In such a closed-loop system, actionable advice could be given to people before problems become significant and demand for services could be predicted in advance. Proactive not reactive.

That’s not to say that data isn’t already being used in highly innovative ways within the NHS and other healthcare organisations around the country. I’m sure countless examples have been spoken about already at this event.

Early results from our ‘state of the data-driven ecosystem’ survey show that:

Just last week I was speaking to the extraordinary researchers at the Institute of Cancer Research about the potential for AI to improve the speed and accuracy of drug discovery.

As part of their work they have created a database that uses AI to discover the cancer treatments of the future. Their system called canSAR is the biggest disease database of its kind anywhere in the world, with almost 5 million experimental results.

It is freely available to help researchers worldwide and is already driving dramatic advances in drug discovery to identifying 46 potentially “druggable” cancer proteins that had previously been overlooked.

We have a responsibility to capitalise on these opportunities and ensure we do not miss our chance to save lives and money, but we must do this in the right way within a standardised, ethically and socially acceptable framework.

The fair and ethical use of health data by researchers and commercial partners can deliver better patient outcomes, improve safety, and contribute to a thriving economy. However, while we promote the latest data-driven scientific advances in healthcare, we must always ensure that patient data is respected and properly protected – and the people it is linked to.

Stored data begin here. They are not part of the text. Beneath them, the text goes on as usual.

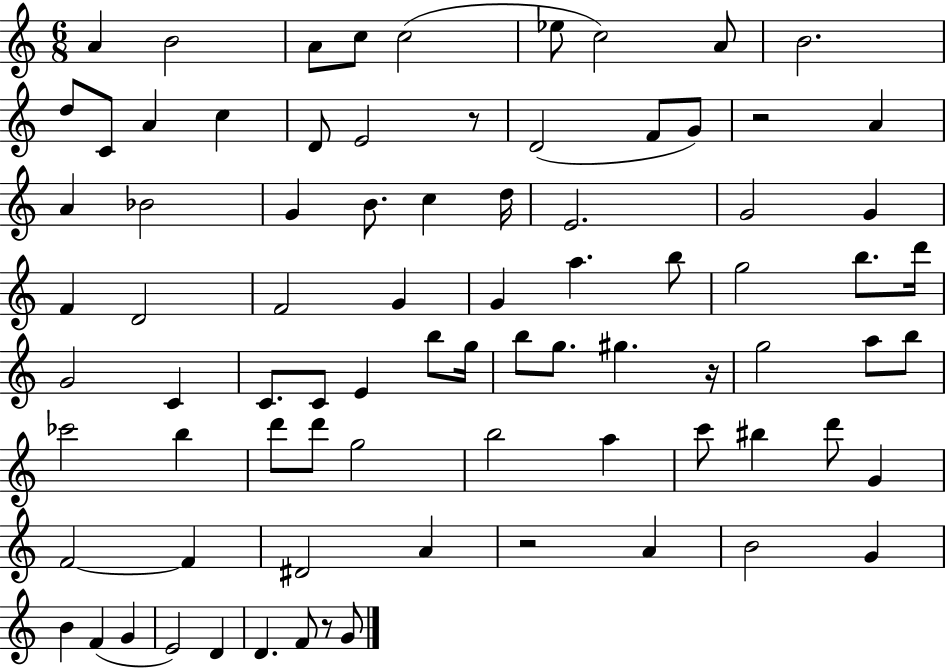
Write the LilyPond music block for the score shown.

{
  \clef treble
  \numericTimeSignature
  \time 6/8
  \key c \major
  a'4 b'2 | a'8 c''8 c''2( | ees''8 c''2) a'8 | b'2. | \break d''8 c'8 a'4 c''4 | d'8 e'2 r8 | d'2( f'8 g'8) | r2 a'4 | \break a'4 bes'2 | g'4 b'8. c''4 d''16 | e'2. | g'2 g'4 | \break f'4 d'2 | f'2 g'4 | g'4 a''4. b''8 | g''2 b''8. d'''16 | \break g'2 c'4 | c'8. c'8 e'4 b''8 g''16 | b''8 g''8. gis''4. r16 | g''2 a''8 b''8 | \break ces'''2 b''4 | d'''8 d'''8 g''2 | b''2 a''4 | c'''8 bis''4 d'''8 g'4 | \break f'2~~ f'4 | dis'2 a'4 | r2 a'4 | b'2 g'4 | \break b'4 f'4( g'4 | e'2) d'4 | d'4. f'8 r8 g'8 | \bar "|."
}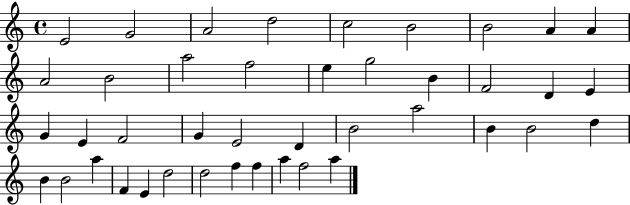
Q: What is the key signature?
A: C major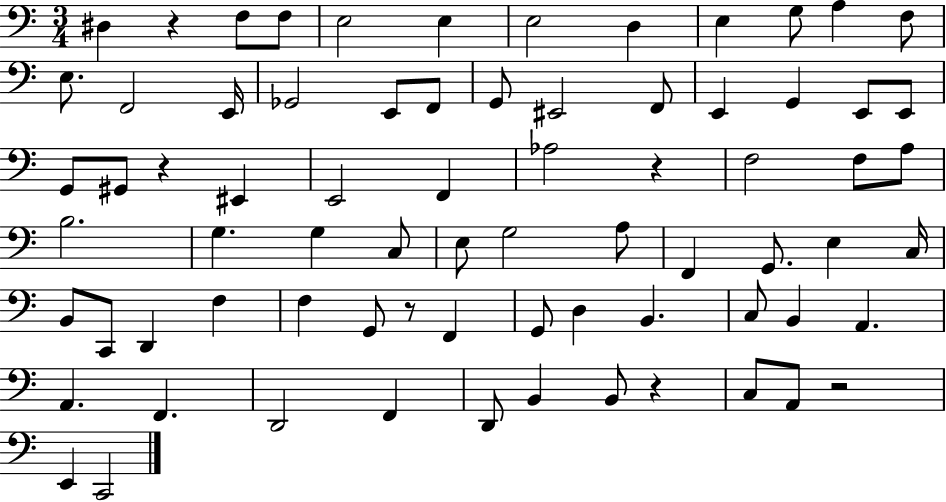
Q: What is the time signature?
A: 3/4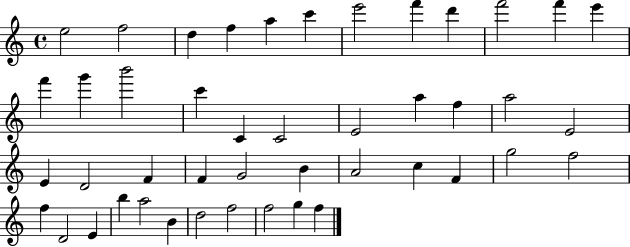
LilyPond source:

{
  \clef treble
  \time 4/4
  \defaultTimeSignature
  \key c \major
  e''2 f''2 | d''4 f''4 a''4 c'''4 | e'''2 f'''4 d'''4 | f'''2 f'''4 e'''4 | \break f'''4 g'''4 b'''2 | c'''4 c'4 c'2 | e'2 a''4 f''4 | a''2 e'2 | \break e'4 d'2 f'4 | f'4 g'2 b'4 | a'2 c''4 f'4 | g''2 f''2 | \break f''4 d'2 e'4 | b''4 a''2 b'4 | d''2 f''2 | f''2 g''4 f''4 | \break \bar "|."
}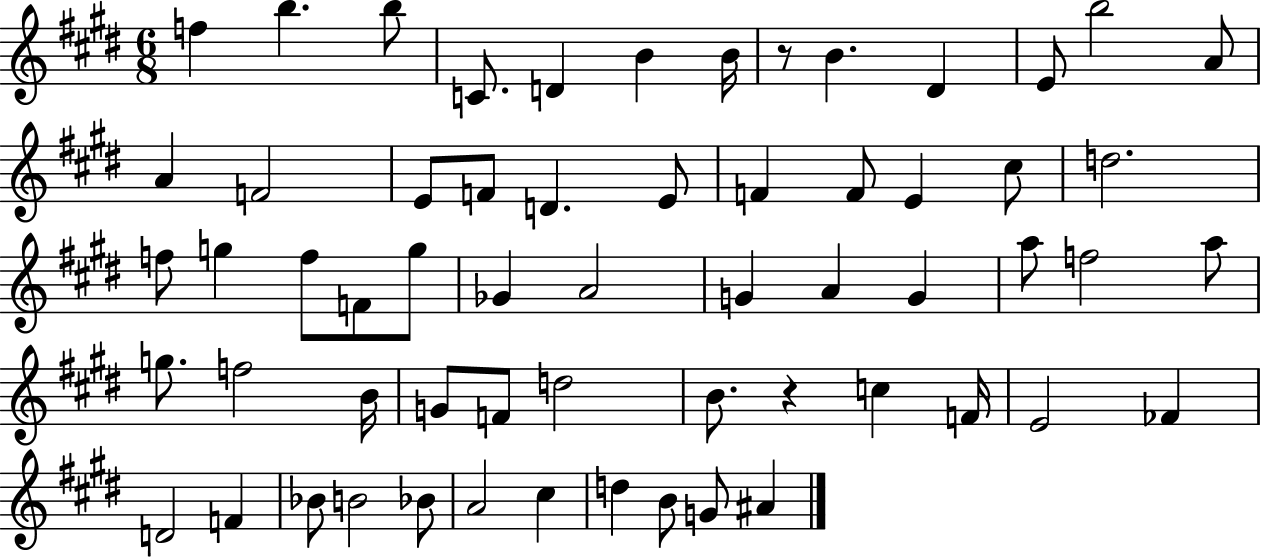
X:1
T:Untitled
M:6/8
L:1/4
K:E
f b b/2 C/2 D B B/4 z/2 B ^D E/2 b2 A/2 A F2 E/2 F/2 D E/2 F F/2 E ^c/2 d2 f/2 g f/2 F/2 g/2 _G A2 G A G a/2 f2 a/2 g/2 f2 B/4 G/2 F/2 d2 B/2 z c F/4 E2 _F D2 F _B/2 B2 _B/2 A2 ^c d B/2 G/2 ^A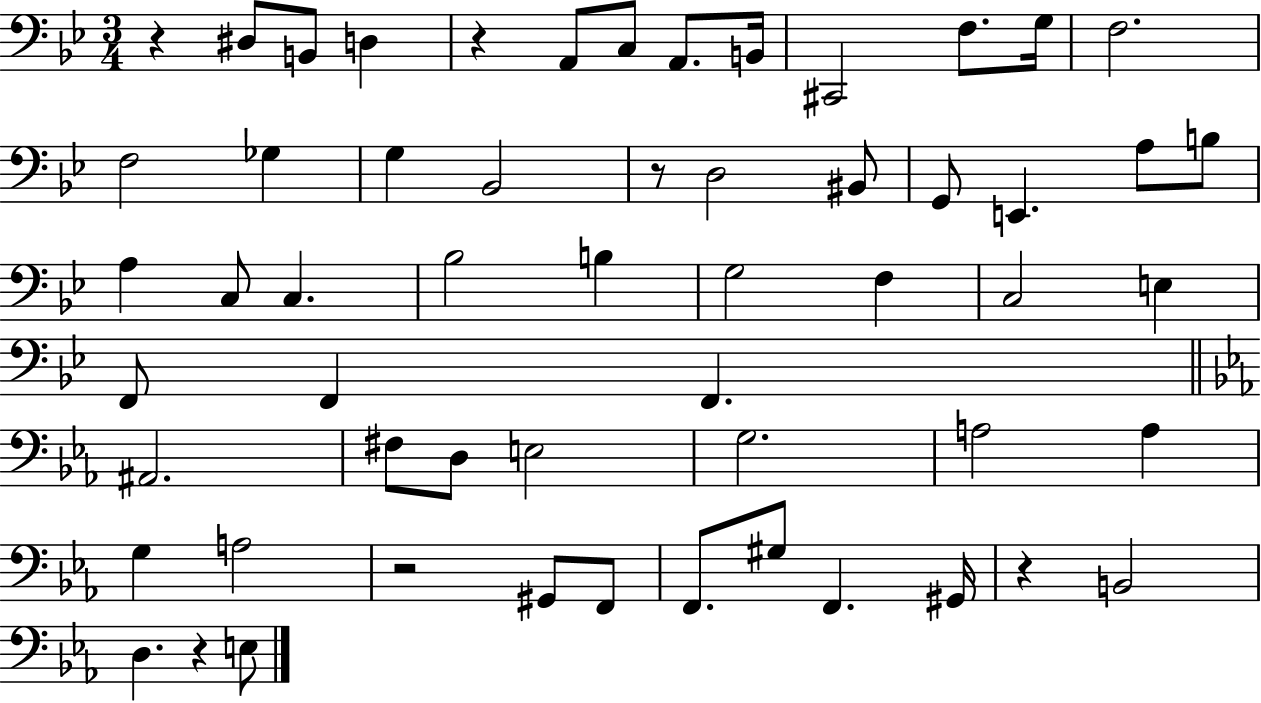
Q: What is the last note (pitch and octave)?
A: E3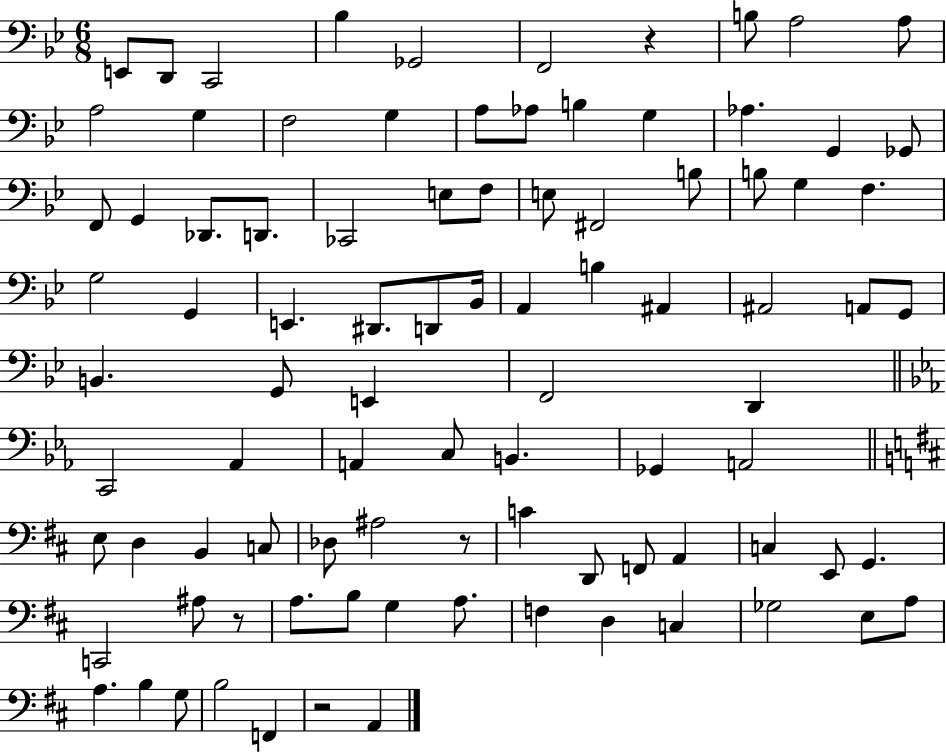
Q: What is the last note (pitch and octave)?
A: A2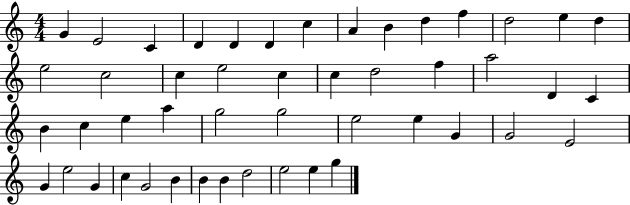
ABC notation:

X:1
T:Untitled
M:4/4
L:1/4
K:C
G E2 C D D D c A B d f d2 e d e2 c2 c e2 c c d2 f a2 D C B c e a g2 g2 e2 e G G2 E2 G e2 G c G2 B B B d2 e2 e g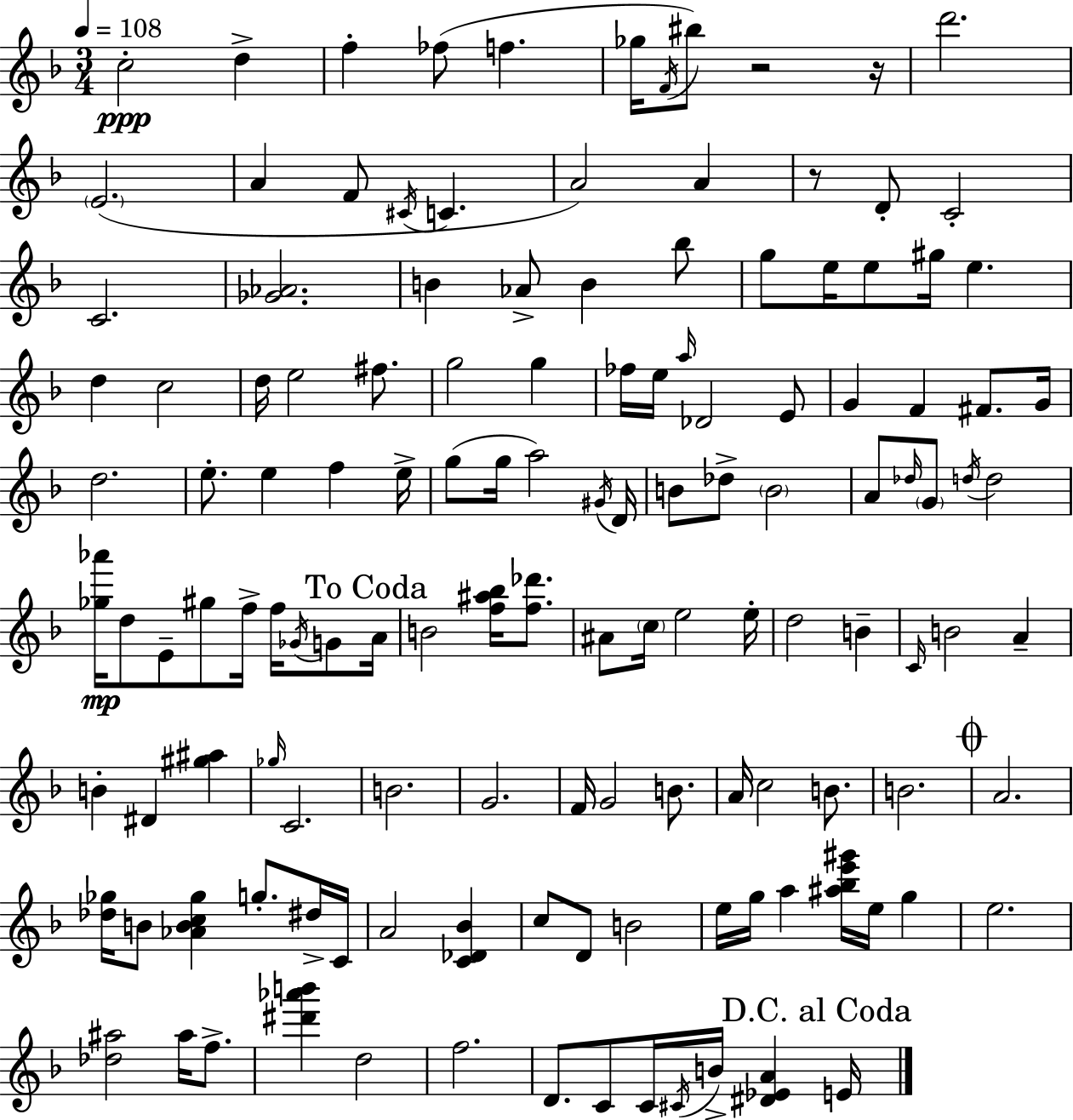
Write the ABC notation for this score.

X:1
T:Untitled
M:3/4
L:1/4
K:Dm
c2 d f _f/2 f _g/4 F/4 ^b/2 z2 z/4 d'2 E2 A F/2 ^C/4 C A2 A z/2 D/2 C2 C2 [_G_A]2 B _A/2 B _b/2 g/2 e/4 e/2 ^g/4 e d c2 d/4 e2 ^f/2 g2 g _f/4 e/4 a/4 _D2 E/2 G F ^F/2 G/4 d2 e/2 e f e/4 g/2 g/4 a2 ^G/4 D/4 B/2 _d/2 B2 A/2 _d/4 G/2 d/4 d2 [_g_a']/4 d/2 E/2 ^g/2 f/4 f/4 _G/4 G/2 A/4 B2 [f^a_b]/4 [f_d']/2 ^A/2 c/4 e2 e/4 d2 B C/4 B2 A B ^D [^g^a] _g/4 C2 B2 G2 F/4 G2 B/2 A/4 c2 B/2 B2 A2 [_d_g]/4 B/2 [_ABc_g] g/2 ^d/4 C/4 A2 [C_D_B] c/2 D/2 B2 e/4 g/4 a [^a_be'^g']/4 e/4 g e2 [_d^a]2 ^a/4 f/2 [^d'_a'b'] d2 f2 D/2 C/2 C/4 ^C/4 B/4 [^D_EA] E/4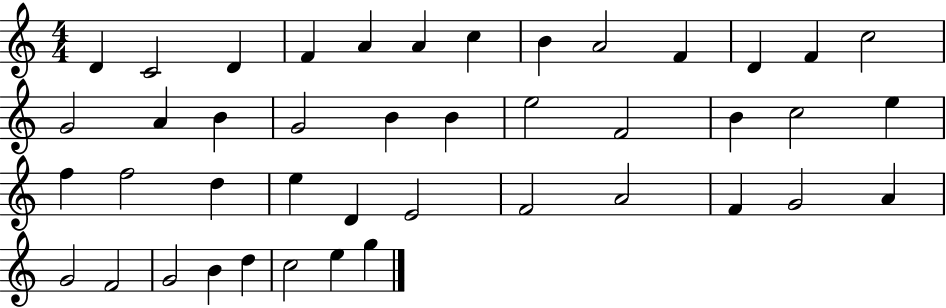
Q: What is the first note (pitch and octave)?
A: D4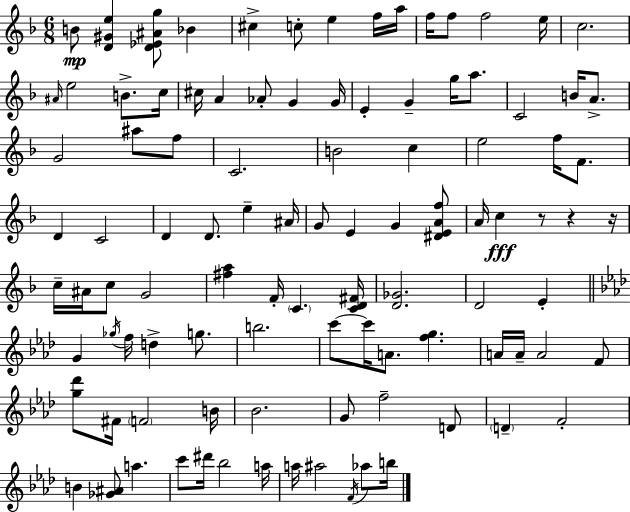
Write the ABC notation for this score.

X:1
T:Untitled
M:6/8
L:1/4
K:F
B/2 [D^Ge] [D_E^Ag]/2 _B ^c c/2 e f/4 a/4 f/4 f/2 f2 e/4 c2 ^A/4 e2 B/2 c/4 ^c/4 A _A/2 G G/4 E G g/4 a/2 C2 B/4 A/2 G2 ^a/2 f/2 C2 B2 c e2 f/4 F/2 D C2 D D/2 e ^A/4 G/2 E G [^DEAf]/2 A/4 c z/2 z z/4 c/4 ^A/4 c/2 G2 [^fa] F/4 C [CD^F]/4 [D_G]2 D2 E G _g/4 f/4 d g/2 b2 c'/2 c'/4 A/2 [fg] A/4 A/4 A2 F/2 [g_d']/2 ^F/4 F2 B/4 _B2 G/2 f2 D/2 D F2 B [_G^A]/2 a c'/2 ^d'/4 _b2 a/4 a/4 ^a2 F/4 _a/2 b/4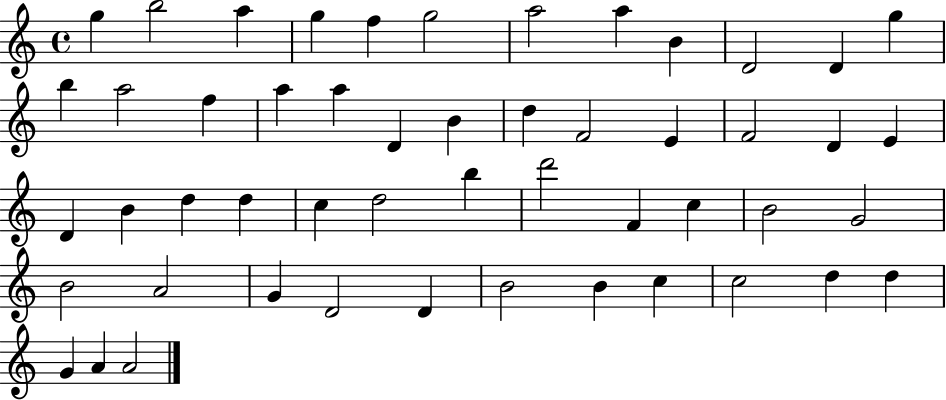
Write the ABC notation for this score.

X:1
T:Untitled
M:4/4
L:1/4
K:C
g b2 a g f g2 a2 a B D2 D g b a2 f a a D B d F2 E F2 D E D B d d c d2 b d'2 F c B2 G2 B2 A2 G D2 D B2 B c c2 d d G A A2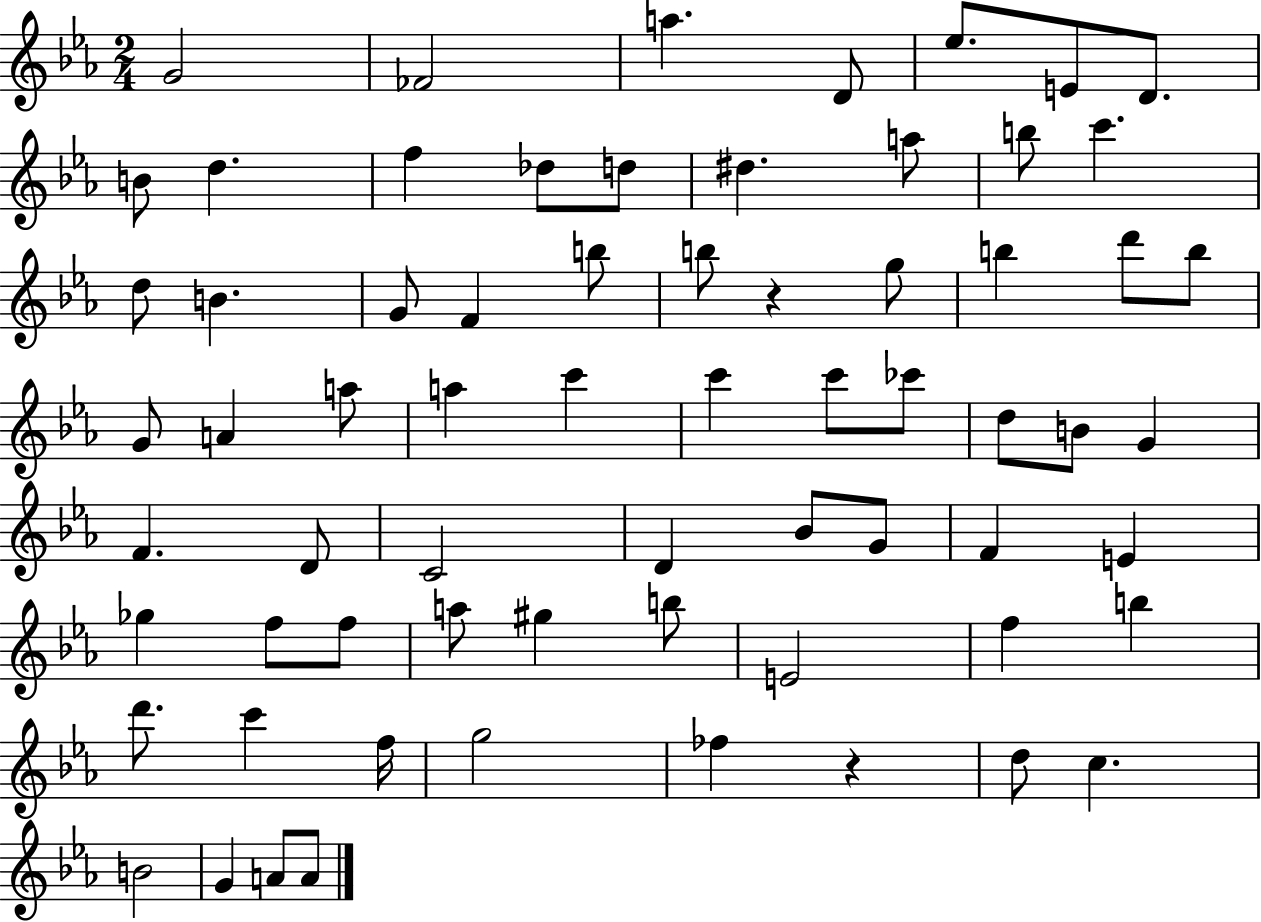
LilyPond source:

{
  \clef treble
  \numericTimeSignature
  \time 2/4
  \key ees \major
  g'2 | fes'2 | a''4. d'8 | ees''8. e'8 d'8. | \break b'8 d''4. | f''4 des''8 d''8 | dis''4. a''8 | b''8 c'''4. | \break d''8 b'4. | g'8 f'4 b''8 | b''8 r4 g''8 | b''4 d'''8 b''8 | \break g'8 a'4 a''8 | a''4 c'''4 | c'''4 c'''8 ces'''8 | d''8 b'8 g'4 | \break f'4. d'8 | c'2 | d'4 bes'8 g'8 | f'4 e'4 | \break ges''4 f''8 f''8 | a''8 gis''4 b''8 | e'2 | f''4 b''4 | \break d'''8. c'''4 f''16 | g''2 | fes''4 r4 | d''8 c''4. | \break b'2 | g'4 a'8 a'8 | \bar "|."
}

Getting these foundations right matters hugely, 62% of those who have completed our survey thus far are using personal data to develop their AIS solutions and 49% got access to this data from NHS acute hospital trusts, yet only 38% believe that the trust is the data controller and nearly 30% of respondents don’t know what type of commercial arrangement they have in place – highlighting how much confusion exists in the system.

To ensure the ethical and fair use of health data by researchers and commercial partners, last December we published 5 guiding principles for the use of NHS data, along with plans to establish a national centre of expertise that will provide NHS organisations with high-quality commercial and legal expertise.

We have since road-tested and developed these principles and plans for the centre in partnership with a wide range of stakeholders from across NHS organisations, academic research, medical research charities and the life sciences industry.

We plan to publish an update and next steps on this work shortly, ahead of a full policy framework for data-sharing partnerships later this year.

I am delighted that we are able to work with real experts in this space, such as Natalie Banner from Understanding Patient Data, leading on phenomenally important participatory research designed to ensure that the ecosystem we are creating keeps society in the loop by making use of research methods that keep people regularly engaged throughout the design process.

I am excited to talk to her about how we, in the centre, can learn from her expertise – and that of others – to ensure that we maintain public and clinician trust as we move towards this data-driven future.

Because I know that, like me, each and every one of you here today believes that data can save more lives and wants to play your part in ensuring it does.